AI is becoming an important technology for organizations around the world searching for solutions that provide elevated levels of customer experience, process optimization, and innovation. Edge AI’s distributed and on-device nature unlocks real-time insights and process automation possibilities, with applications ranging from manufacturing and customer service, to hospitals and research labs.
Sheena Patel and Jorge Silva of Edge Impulse, an edge AI development platform, join top executives in San Francisco on July 11-12, to discuss and share their experiences on how leaders are integrating and optimising AI investments for success, while also avoiding common pitfalls. At Transform 2023, they will explain why AI must move towards the edge, the challenges of developing algorithms for edge devices, and what companies and developers should focus on to ensure success in the building and deployment of their edge AI solutions.
Edge AI requires that algorithms must run on a device with limited or constrained compute, memory and energy resources, and is especially difficult where IoT data is not formatted like traditional big data. It is critical to begin benchmarking hardware before the bill of materials is selected, and for edge AI development tools to accommodate different users from ML engineers to firmware developers. Edge Impulse is one of the few platforms providing extensive engineering support for the development of edge AI solutions, from data infrastructure, ML development tooling, testing, deployment environments and CI/CD pipelines.
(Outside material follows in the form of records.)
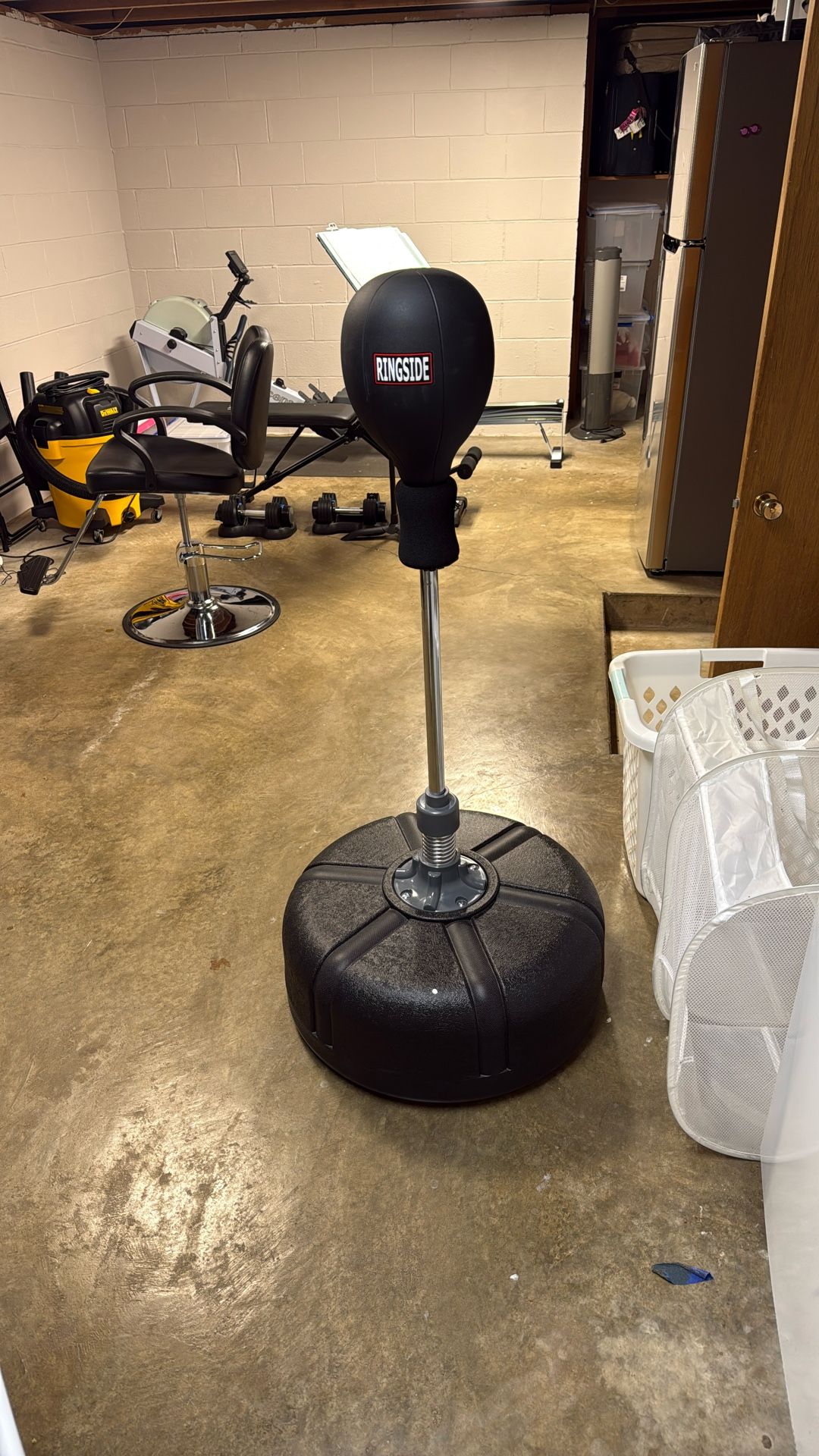 Boxing Exercise Equipment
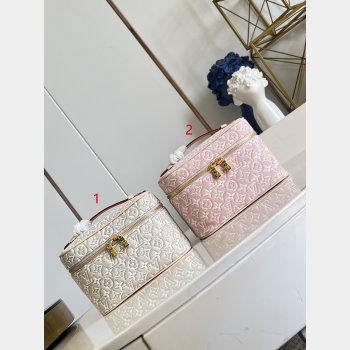 Louis Vuitton Nice Mini Other Monogram Canvas Gifts For Her M29667 Handbags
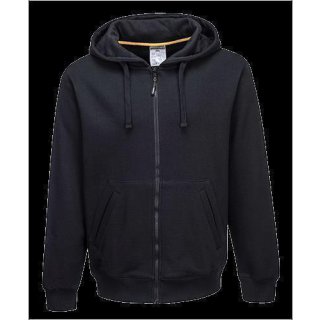 Portwest Nickel Sweatshirt in der Farbe Schwarz und der Größe L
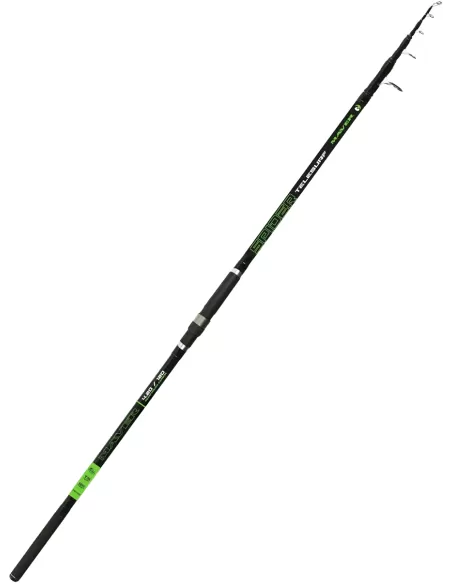 Maver Spider Telesurf Fishing Rod Surfcasting 4.20mt in Carbon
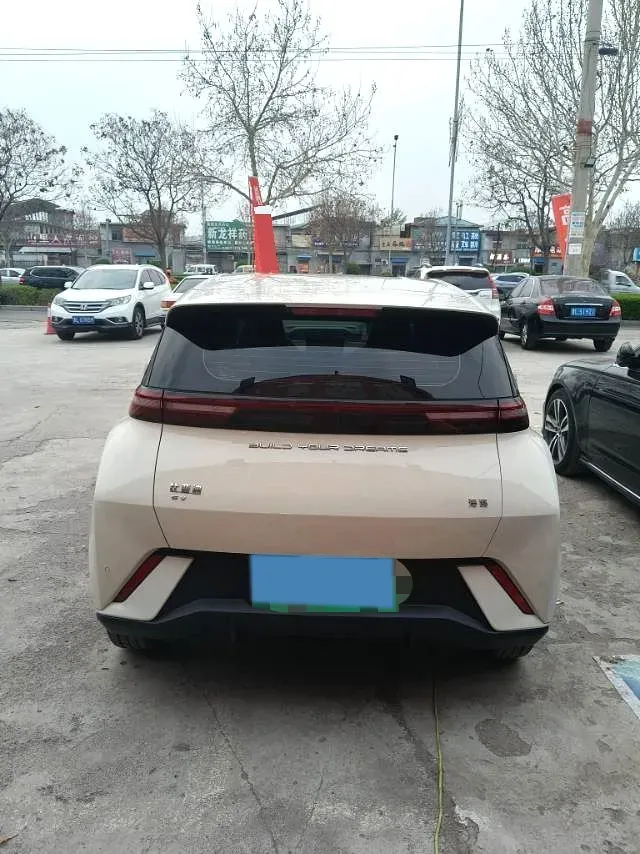 2023 BYD Seagull BEV 30.08KWH,autocango,china used car exporter,china ev exporter,chinese used car exporter,chinese used ev exporter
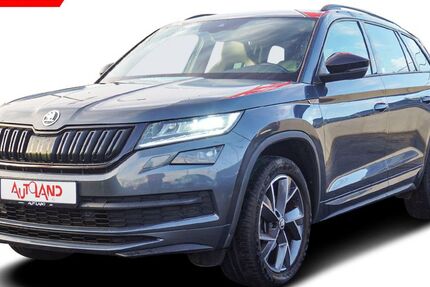 Skoda Kodiaq 72.629 km 31.990 &euro; Berlin 12683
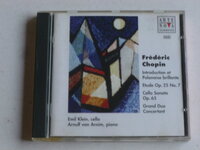 Chopin - Works for Cello and Piano / Emil Klein, Arnim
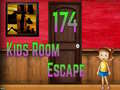खेल Amgel Kids Room Escape 174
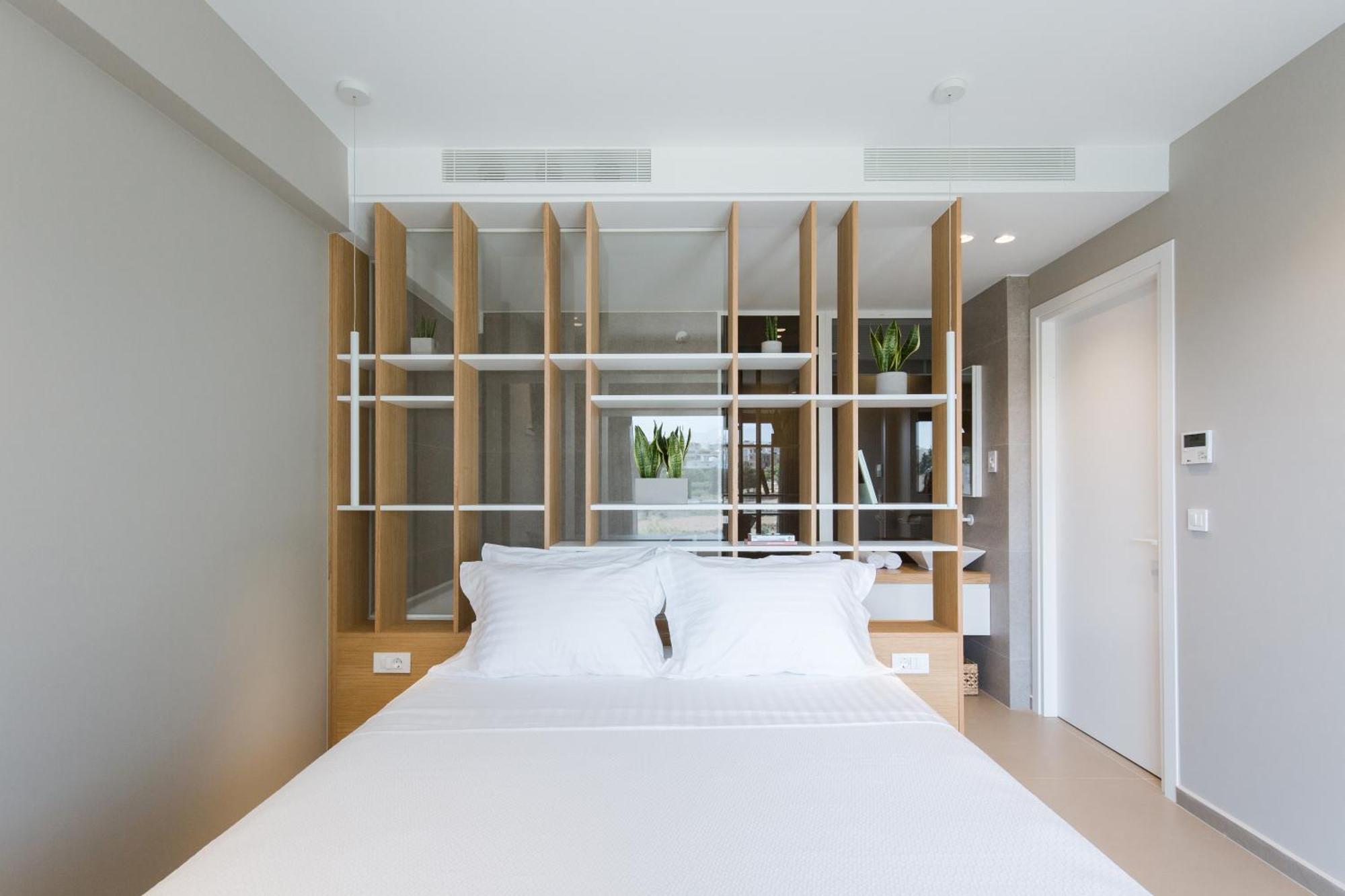 Noemie Luxury Suites Chania  Værelse billede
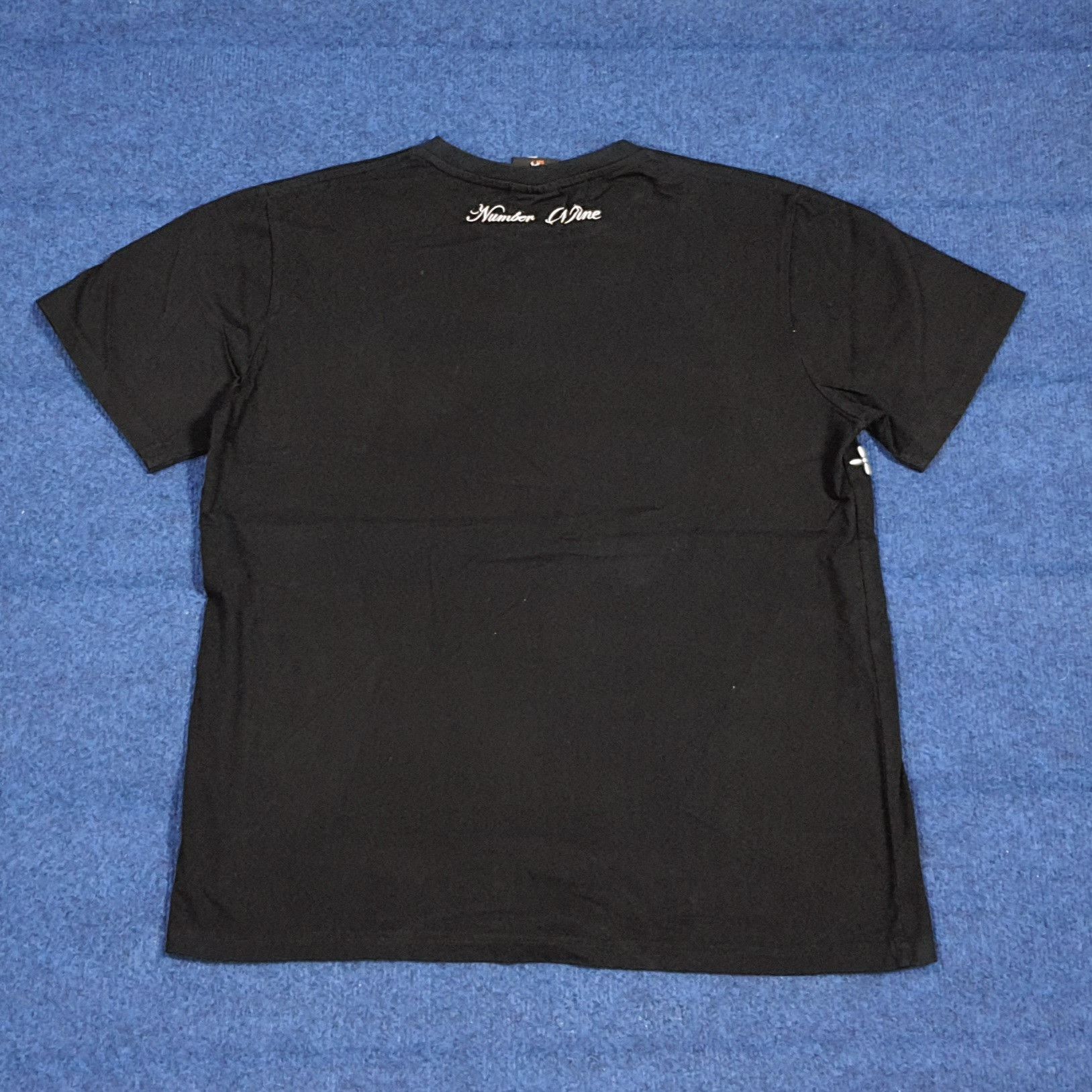 Number (N)ine Vintage Marlboro x Number Nine Custom Logo Tshirt C285N16 Size US M / EU 48-50 / 2 - 3 Thumbnail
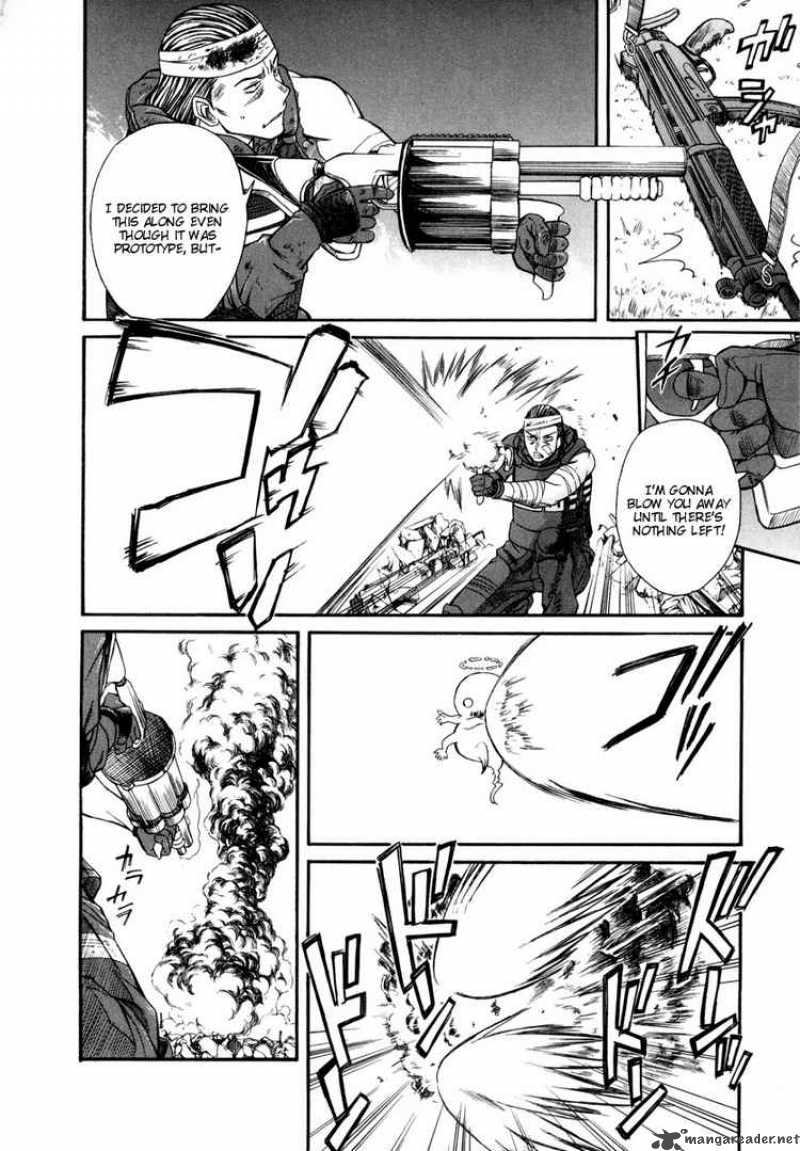 To Aru Kagaku No Choudenjibou 15 14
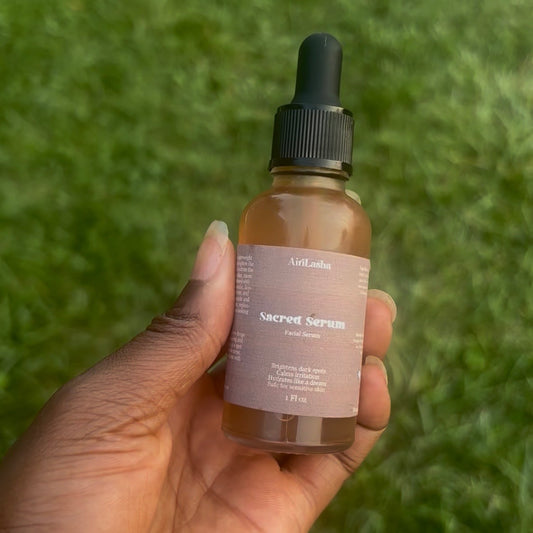 Sacred Serum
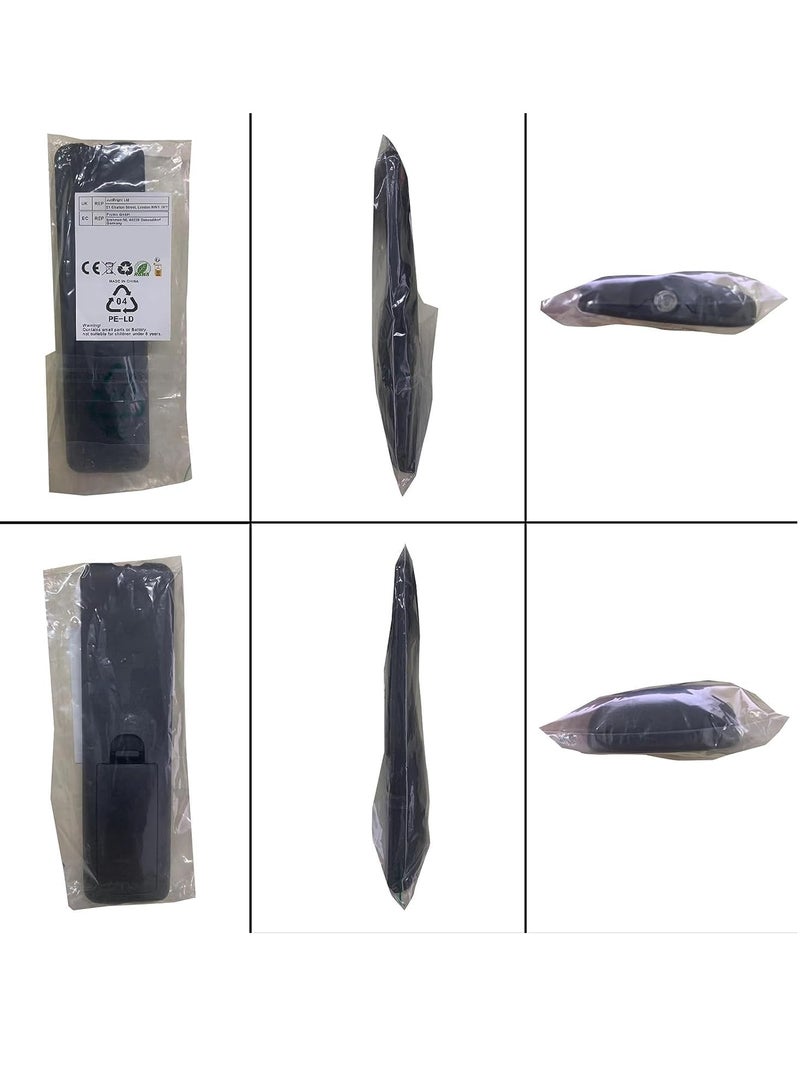 ELTRAZONE ELTERAZONE Replacement Compatible EN2BB27H B Remote Control Replace for Hisense TV Youtube Netflix H32A5600 H39AE5500 H32A5600UK H43A5600 H65A6100 - Image 4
Edge Impulse offers developers and enterprises a low-code/no-code approach to creating artificial intelligence algorithms and edge solutions. It is a cloud-native platform that lets you train, validate and embed machine learning models into powerful edge devices. With Edge Impulse, developers can collect data via connected sensors, create AI models right within the platform, deploy those models to connected devices, and derive better insights faster. Additionally, its AI Compiler optimises the neural networks so they can run with minimal resources, so data scientists, developers, and engineers can build cutting-edge AI solutions with confidence.